The resignation of the Greek Finance Minister is the clearest possible indication that my last posting was correct and that Greece is ready to climb down in negotiations, in exchange for any sliver of a fig-leaf. The “Troika” is very keen that there will be another bail-out because of course the money goes to the bankers to whom the political elite are beholden. It is increasingly plain that Tsipras does not have the balls for debt repudiation. Yesterday’s choice was meaningless; debt repudiation is the only real alternative.
No bail-out will make any difference, we will be enmired in the same issues again every six months, but with less drama. The Euro will survive because it is the resilient currency of the World’s largest economy. Merkel will continue to manage it cleverly – she has just demonstrated that Germany can determine who is Greece’s finance minister. Greeks will suffer through more austerity, comforted by yesterday’s meaningless shout of defiance, and large corporations and banks will get their hands on Greece’s remaining state assets.
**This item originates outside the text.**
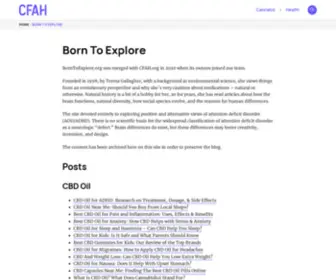 Borntoexplore.org(Just another WordPress site) Screenshot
I think the lesson from this is that the 21st Century corporate and banking state is beyond amelioration. Any change needs to be a fundamental challenge to the system. It will seem strange to future generations that a system developed whereby middlemen who facilitated real economic transactions by handling currency, came to dominate the world by creating a mathematical nexus of currency that bore no meaningful relationship to real movements of commodities.